> Problem
Everything from the line with "Grafika 43. Zawodnicy na trasie biegu" through the final line of the listing below must be retyped exactly, apart from the pictures.

> Data extracts

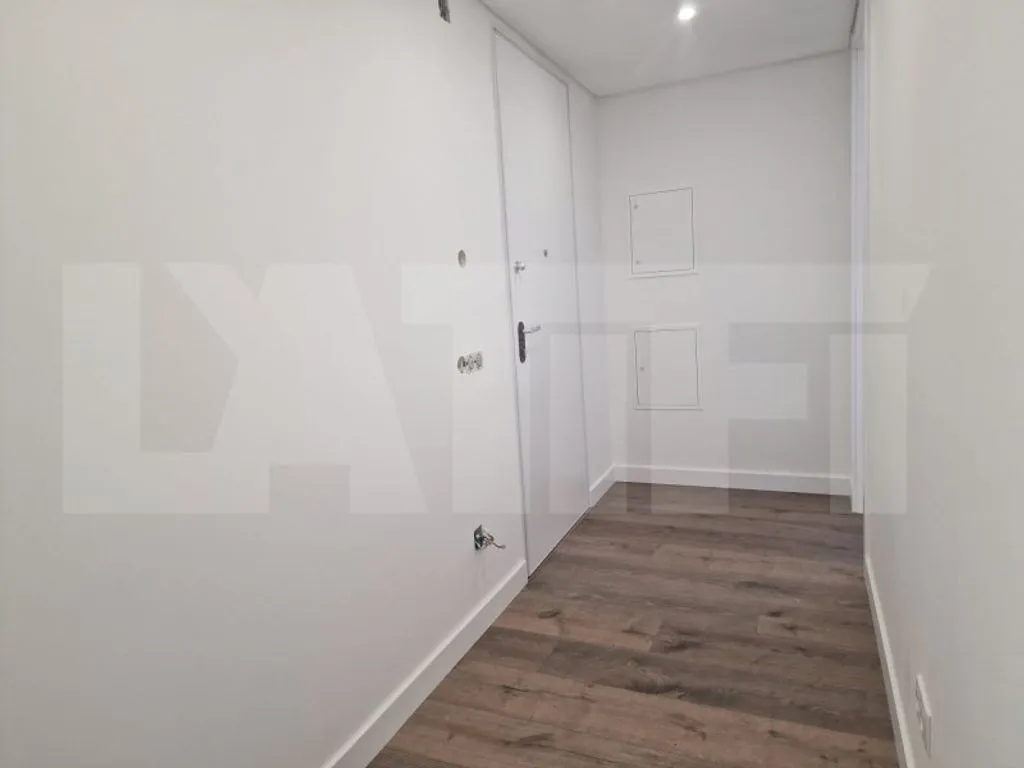 Esik - Luxury Flat with Terraces in Vale de Flores, Almada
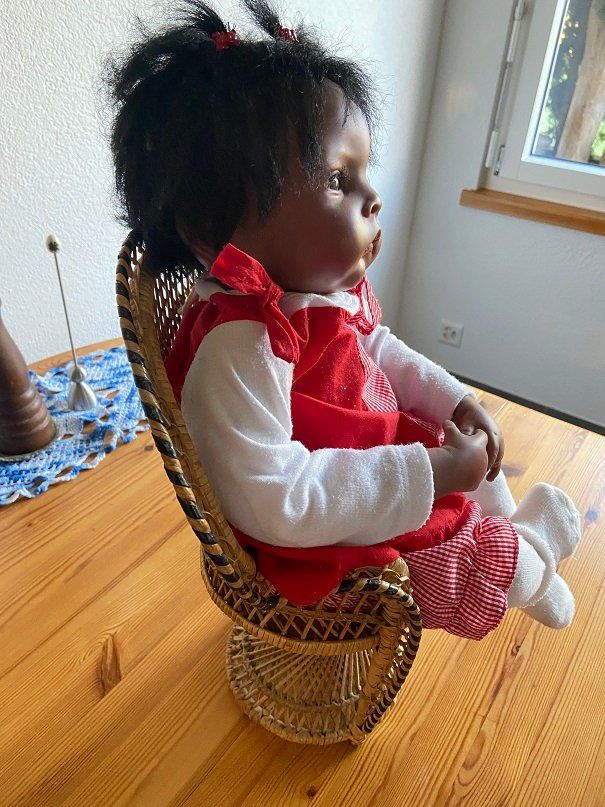 Reborn Bambole: Reborn Puppe inkl. Stuhl – Usato da Stüsslingen venduto da Fischermeitli 3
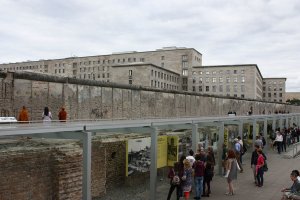 Westseite der Mauer der 4. Generation ("Grenzmauer 75") in der Niederkirchner Straße, angrenzend die Dauerausstellung "Topographie des Terrors" (2); Aufnahme 2016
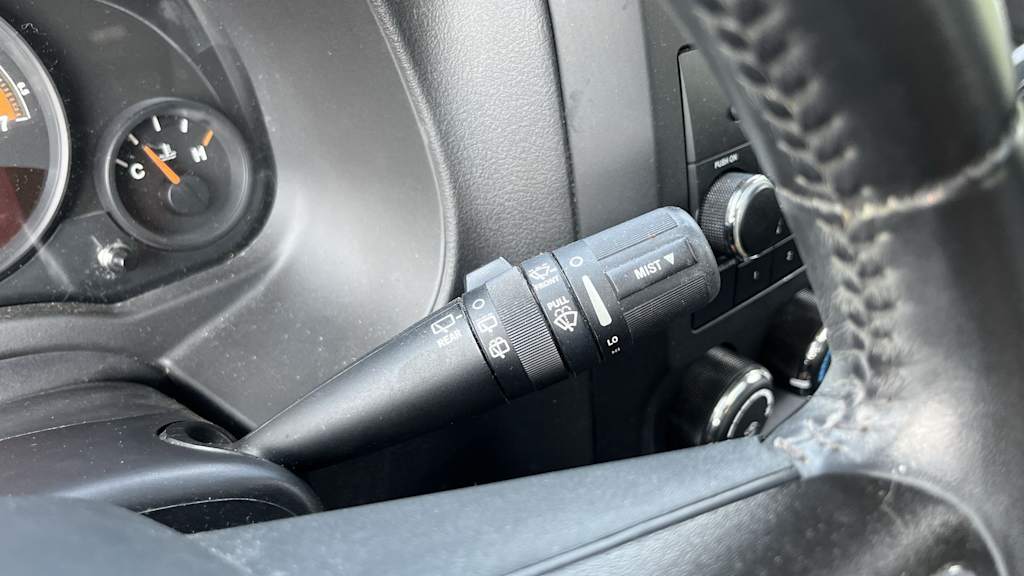 Thumbnail: 2015 Jeep Patriot - 42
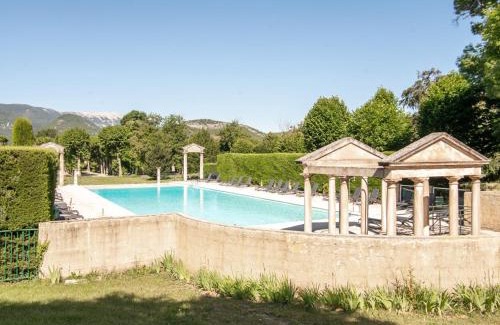 Montbrun-les-Bains Apartment | Studio in Montbrun Castle with Pool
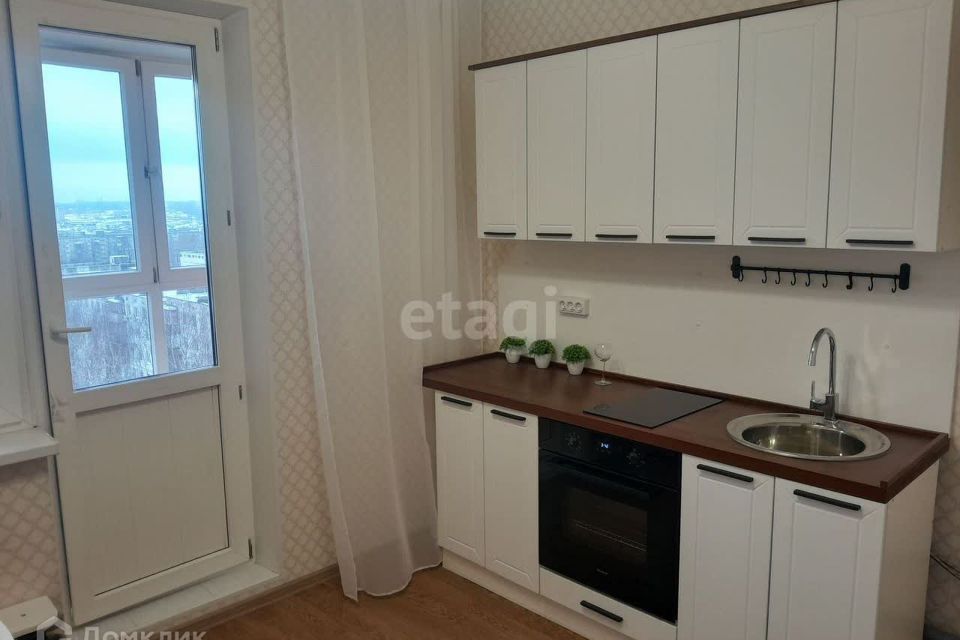 Сдаётся 1-комнатная квартира, 43 м²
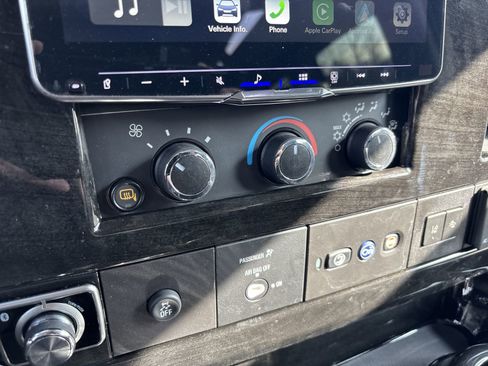 New 2025 Chevrolet Express 2500 1WT w/ Driver Convenience Package image 21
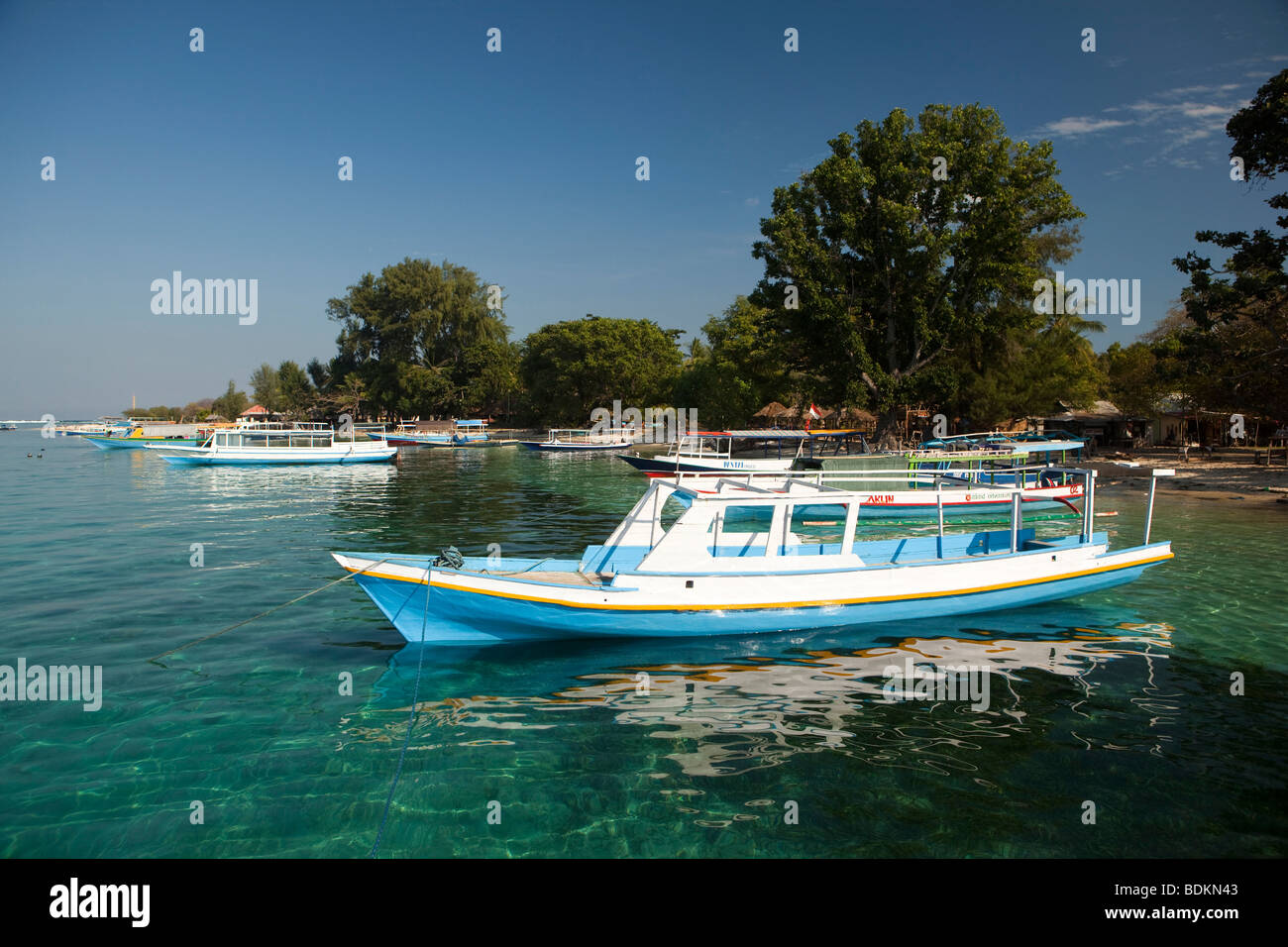 Indonesia, Lombok, Gili Air, porto, navi ormeggiate vicino a riva Foto Stock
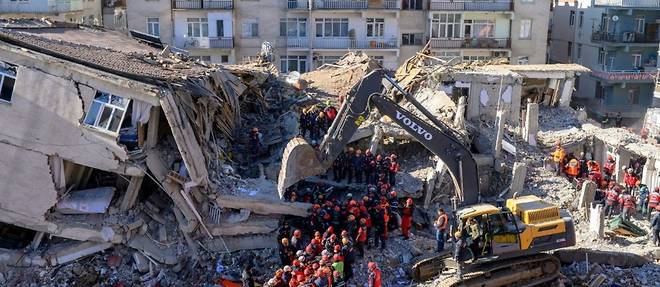 Seisme en Turquie: le bilan grimpe, ultimes fouilles des decombres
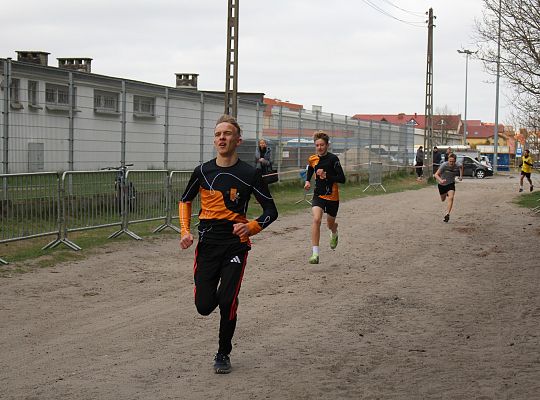 Grafika 43. Zawodnicy na trasie biegu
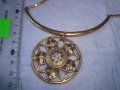 РАЗКОШНА ПОЗЛАТЕНА ДИЗАЙНЕРСКА БУТИКОВА МАРКОВА СКЪПОЦЕННА ОГЪРЛИЦА АРТ ДЕКО СТИЛ КОЛИЕ 27966, снимка 10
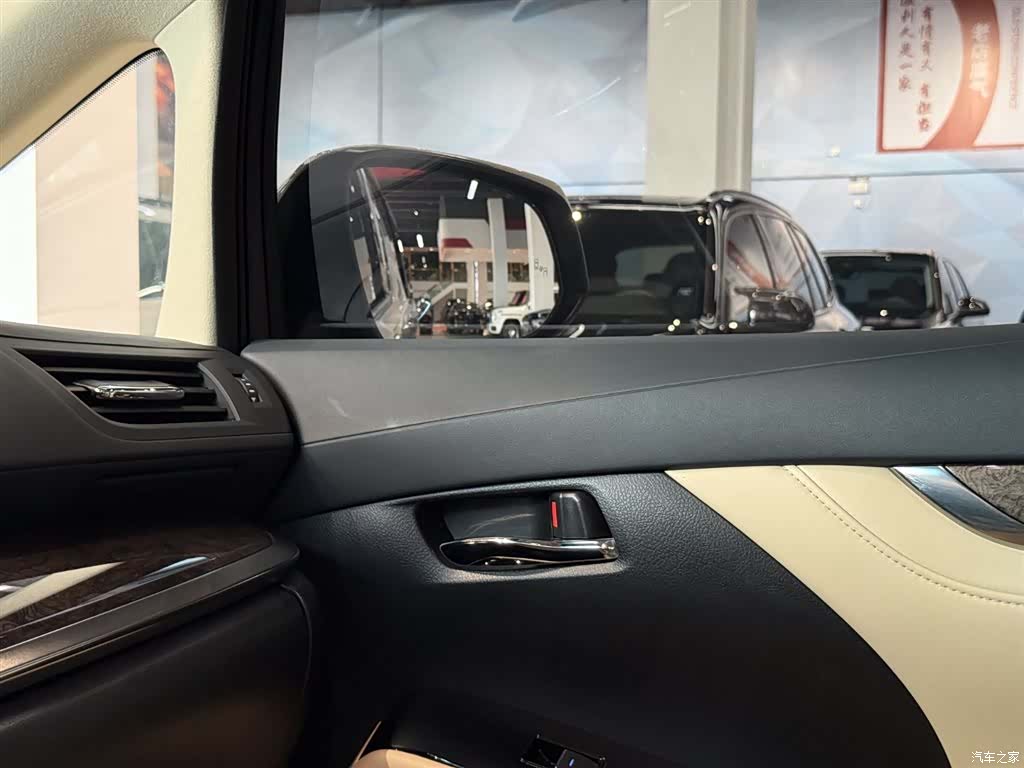 Toyota Vellfire, 2021 14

> Solution to this task
 Grafika 43. Zawodnicy na trasie biegu
 РАЗКОШНА ПОЗЛАТЕНА ДИЗАЙНЕРСКА БУТИКОВА МАРКОВА СКЪПОЦЕННА ОГЪРЛИЦА АРТ ДЕКО СТИЛ КОЛИЕ 27966, снимка 10
 Toyota Vellfire, 2021 14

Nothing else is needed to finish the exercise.